Discharges of domestic sewage and agricultural wastewater containing phosphorus-rich chemicals, such as detergents and chemical fertilizers, into lakes and rivers can cause nutrient enrichment, excess algal growth, and eutrophication [1,2,3]. Dissolved phosphorus in wastewater is normally present as organic phosphates, inorganic phosphates, and polyphosphates. Inorganic and organic phosphates are generally the main species in wastewater and should be removed simultaneously.

In China, phosphorus residues in wastewater treatment plants effluent are generally removed primarily using a wetland system before the effluent is discharged into a water body. In such wetland systems, phosphorus is removed by plant uptake, media adsorption, and microorganism assimilation [4,5,6]. Media adsorption is usually limited because much of the solid matter is inert and has a poor adsorption capacity [7,8]. Assimilation by microorganisms contributes little to the removal of total phosphorus because the phosphorus will be released back to the water once the microorganisms die. Plant uptake is normally considered to affect phosphorus removal little until the plants are harvested [9,10]. However, oxygen can be released from the dense root networks of plants in wetlands, creating an oxidizing rhizosphere environment. This can cause Fe²⁺ and Mn²⁺ in the rhizosphere soil or media to become oxidized to Fe³⁺ and Mn⁴⁺, respectively. The Fe³⁺ and Mn⁴⁺ can precipitate and accumulate on the root surfaces, to form features called iron–manganese (Fe–Mn) plaques [11]. Iron-Mn plaques on hydrophyte root surfaces can immobilize various nutrients and metalloids [12,13]. Wang et al. [14] found Arundo donax Linn and Typha latifolia roots had higher phosphorus contents when iron plaques were presented than when iron–plaques were not present. Chong et al. [15] found that amorphous iron oxide on root surfaces caused phosphorus to accumulate in the rhizosphere. It has been shown the phosphorus adsorption behaviors and mechanisms by Fe–Mn plaques are not clearly stated, and the influence between inorganic and organic phosphate is ignored. Therefore, the contributions of Fe–Mn plaques to the removal of inorganic and organic phosphates in wetland systems need to be assessed to improve our understanding of how wetland system habitats may be managed to promote Fe–Mn plaques formation to effectively and sustainably remove phosphorus from water.

In this study, Fe–Mn plaques were extracted from reed roots from a long-established wetland, and the abilities of the plaques to adsorb inorganic and organic phosphates were assessed.

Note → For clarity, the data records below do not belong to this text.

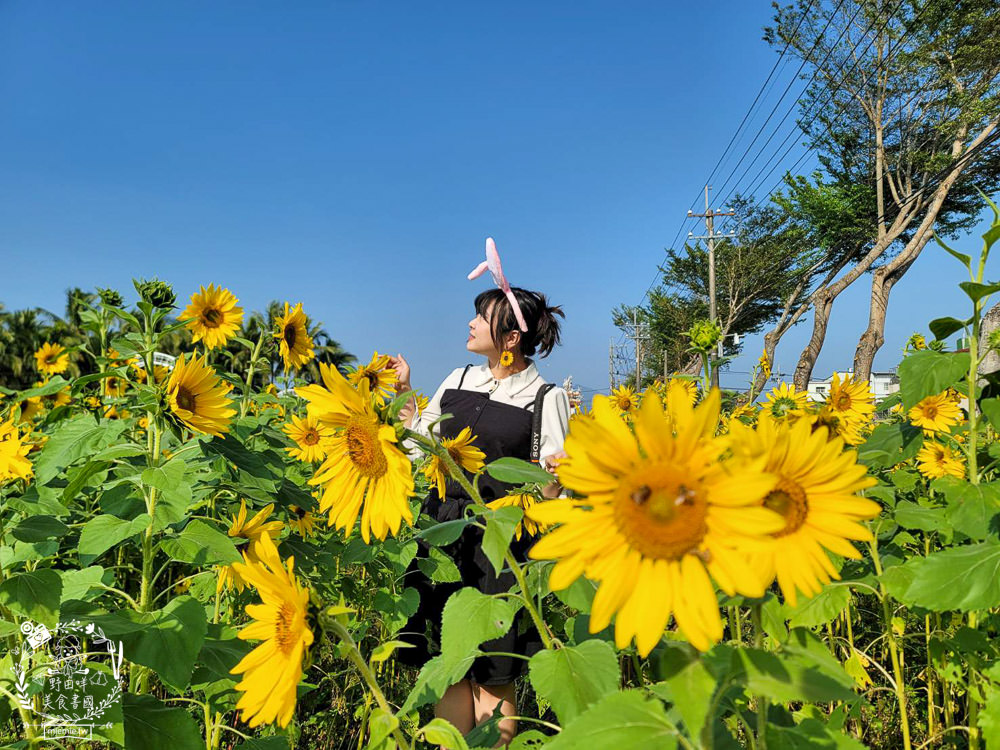 2025美濃花海|高雄色彩絢麗的繽紛浪漫花海!超好拍的七彩巨椅+兔兔藝術裝置!向日葵+百日草+大波斯菊等絢爛花海~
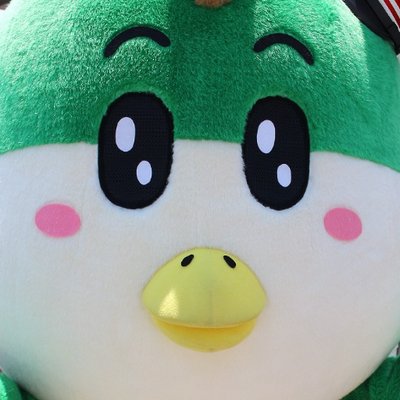 野岩鉄道【公式】's profile picture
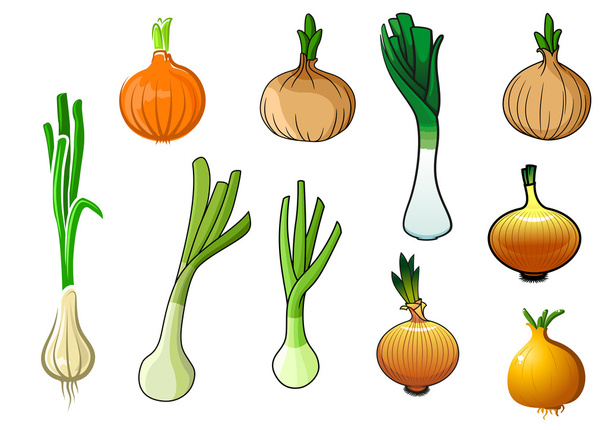 Bulbes d'oignon et légumes aux poireaux
 - Vecteur, image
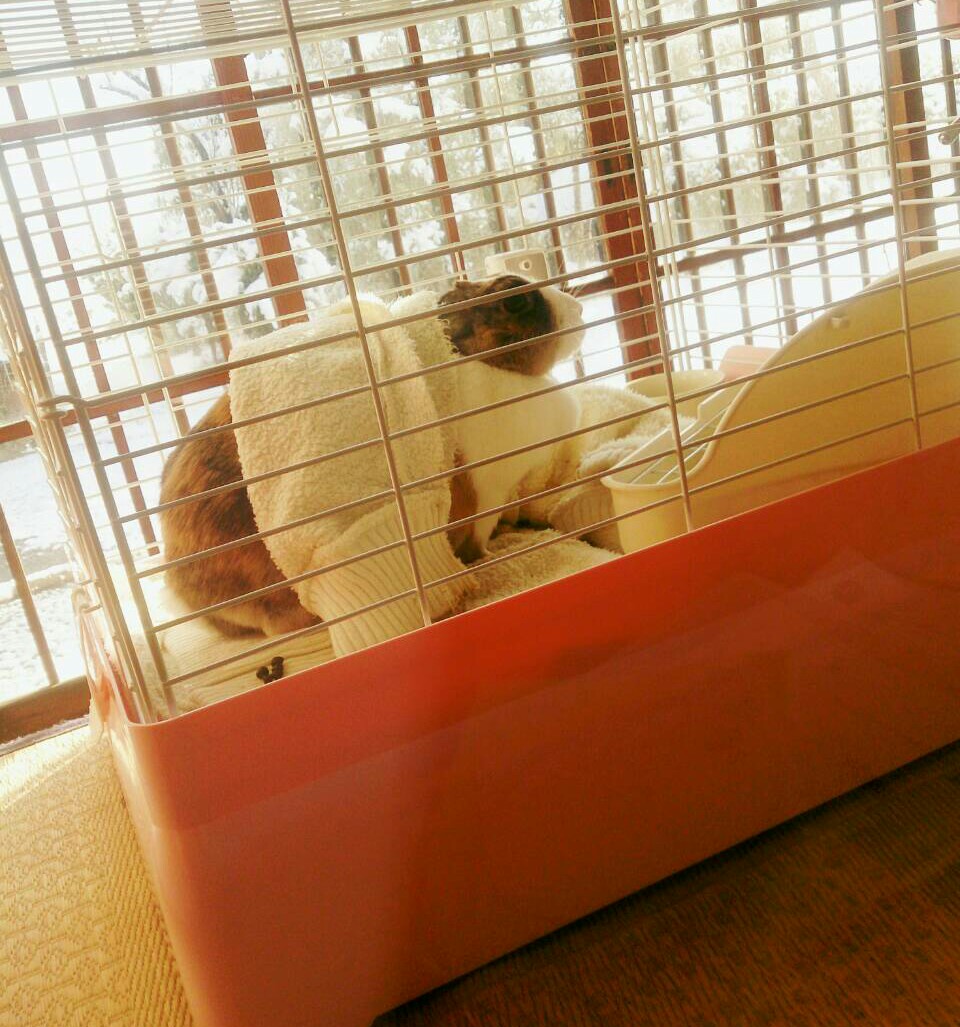 yNGT48z qG X 1©2ch.net YouTube>9{ ->摜>287 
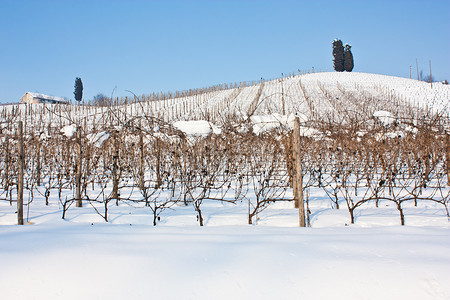 冬季塔斯卡纳利酒厂的不寻常景象高清图片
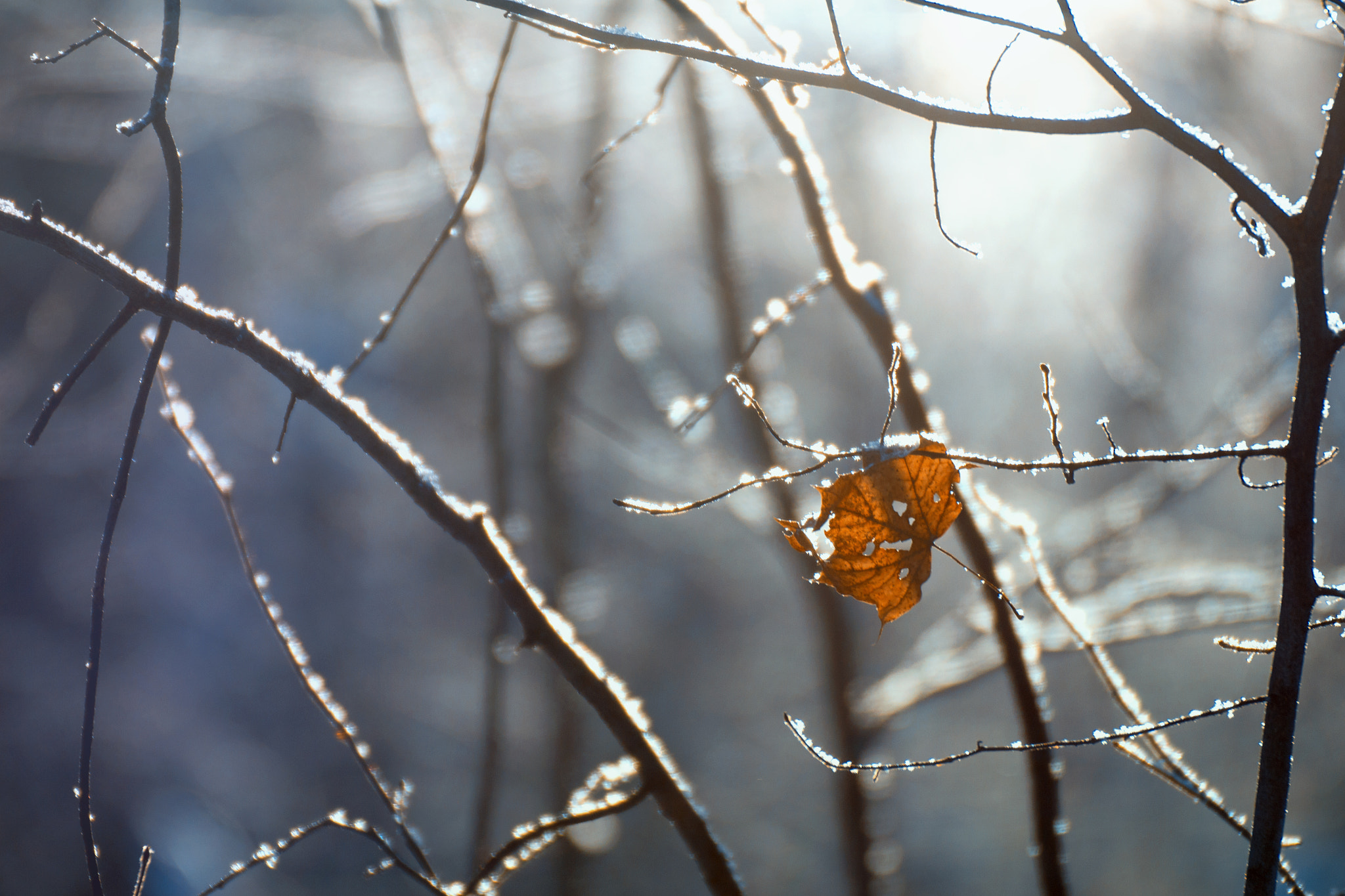 Canon EOS 600D (Rebel EOS T3i / EOS Kiss X5) + Tamron SP 35mm F1.8 Di VC USD sample photo. Frozen autumn legacy photography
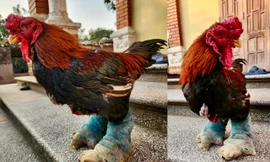 Ngắm gà đi tất, nằm đèn hồng ngoại giá 'khủng' 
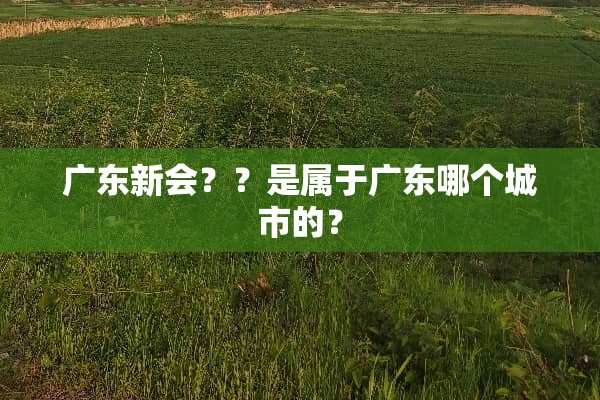 广东新会？？是属于广东哪个城市的？
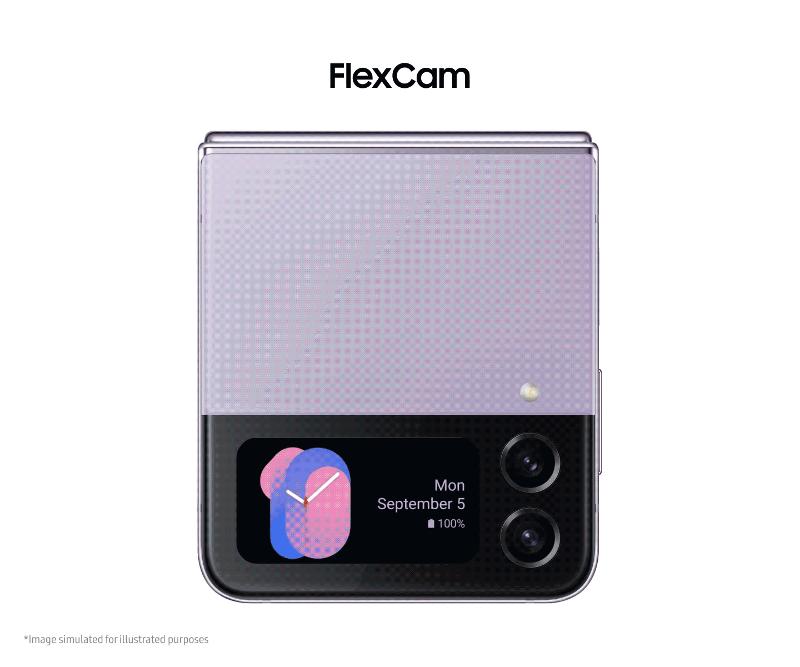 02_Flexcam.gif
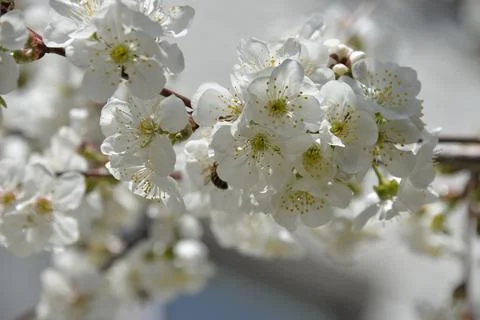 Small white flowers bloom in spring on a cherry tree Stock Photos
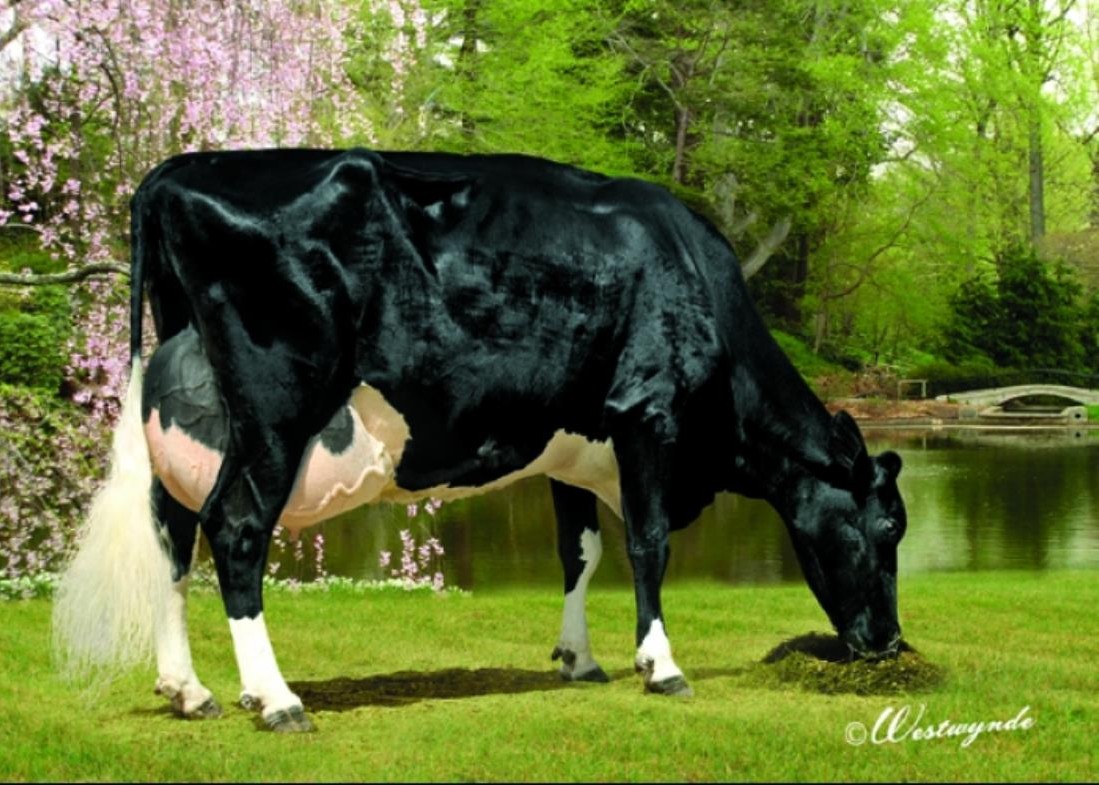 Ked Duster Julienna-ET EX-94 3E GMD DOM, 9th Dam of Jarvis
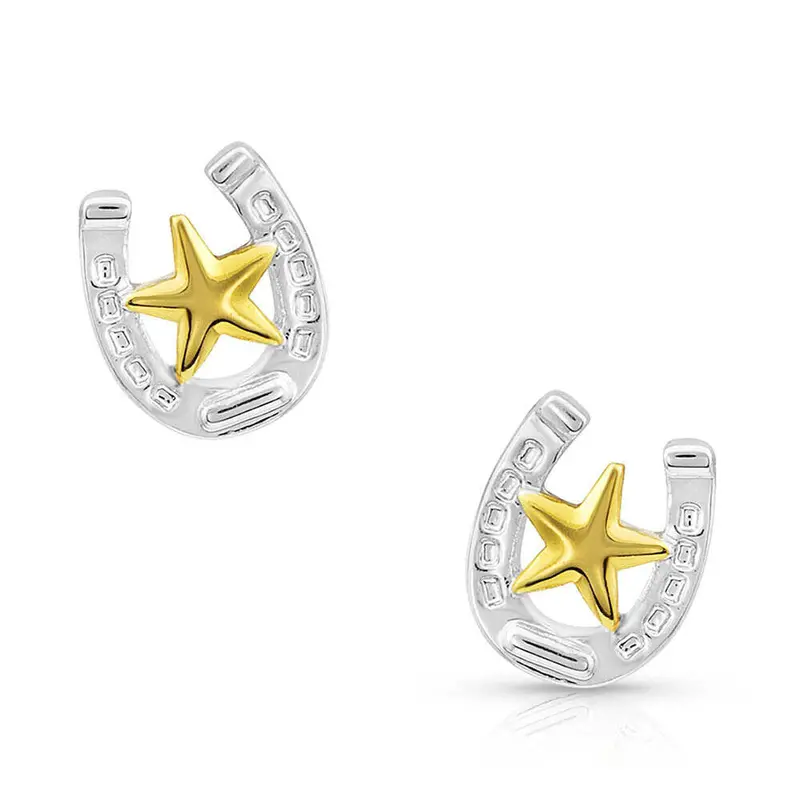 Stars & Horseshoe Post Earrings- Montana Silversmiths For Bourbon Cowgirl 1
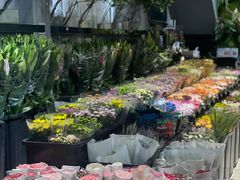 -溪岸路花鸟市场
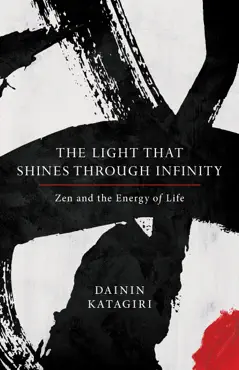 the light that shines through infinity book cover image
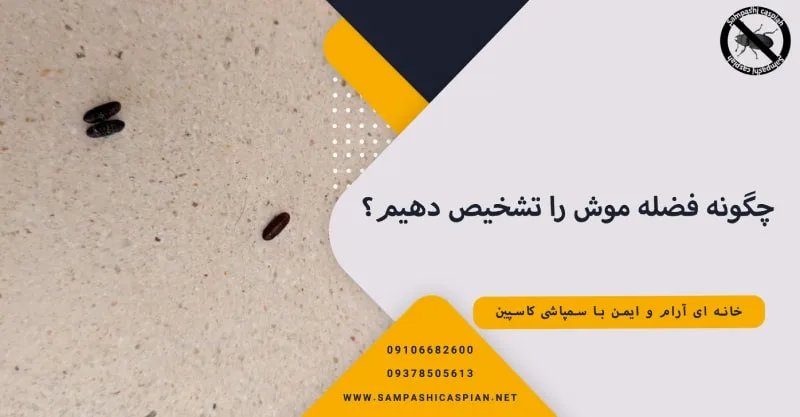 چگونه فضله موش را تشخیص دهیم؟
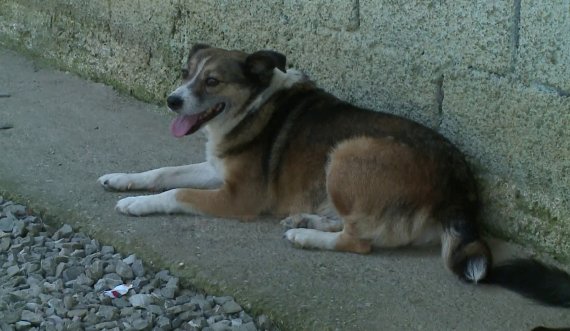 Në Vushtrri një person e gjuan tetë herë me armë qenin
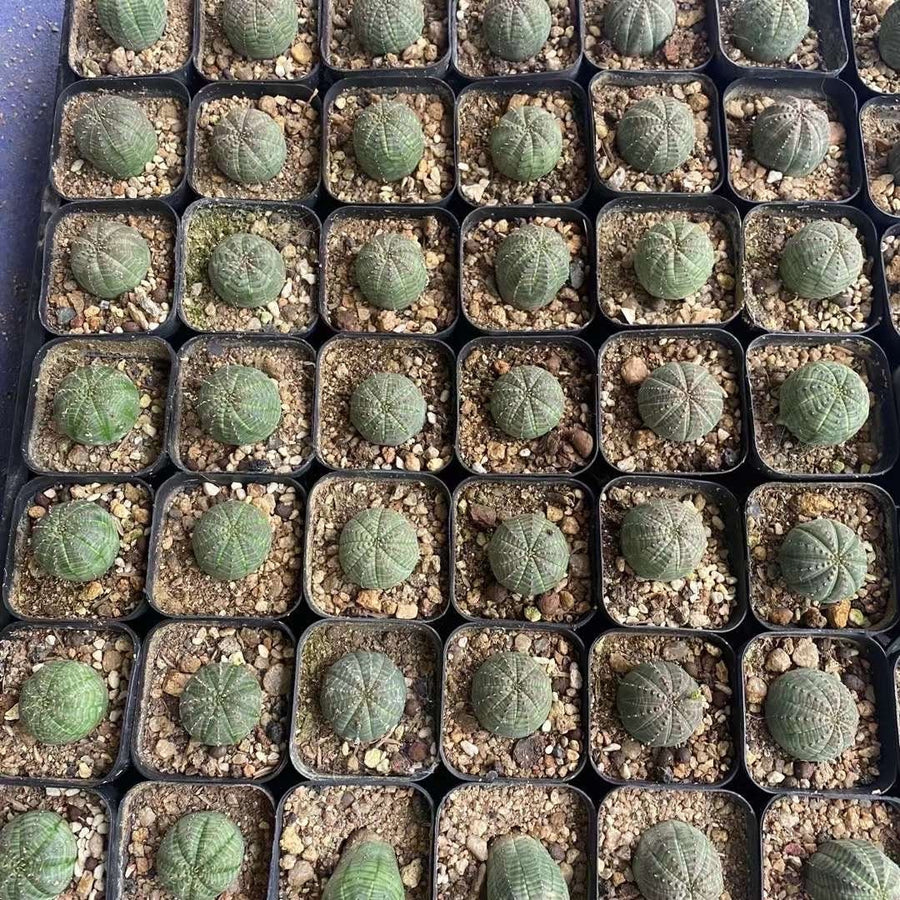 obesa succulent Euphorbia Obesa Cutting (1.5”), Live Plant, Rare Succulent, Baseball E– 1am Succulents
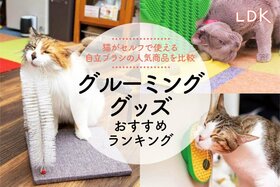 【LDK公式】猫のセルフグルーミンググッズのおすすめランキング5選。自立ブラシの人気製品を比較【2025年】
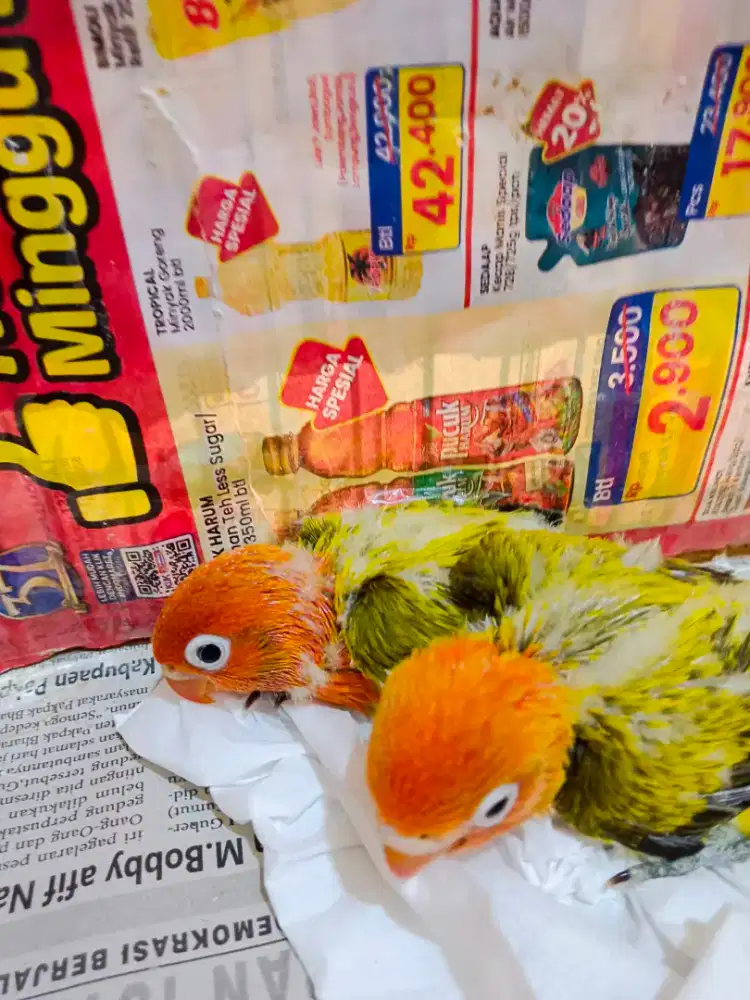 burung lb baby 2ekor Biola Ewn Gold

The surface morphology and structure of the roots were assessed by scanning electron microscopy (SEM), and the electron binding energies and the oxidation states of Fe and Mn in plaques were investigated by X-ray photoelectron spectroscopy (XPS). The functional groups in Fe–Mn plaques were investigated by Fourier-transform infrared (FTIR) spectroscopy. The kinetics, isotherms, and thermodynamics of inorganic and organic phosphate adsorption by Fe–Mn plaques were also assessed.

2. Materials and Methods

2.1. Chemicals

All chemicals were of analytical reagent grade and were purchased from Beijing Chemical Co. (Beijing, China). Solutions of inorganic and organic phosphates for use in the adsorption tests were prepared by dissolving potassium dihydrogen phosphate (KH₂PO₄) and adenosine-5′-monophosphate (C₁₀H₁₄N₅O₇P), respectively, in ultrapure water. The ultrapure water (18.2 ΩM·cm⁻¹) used throughout the study was prepared using a Millipore system (Merck, Darmstadt, Germany).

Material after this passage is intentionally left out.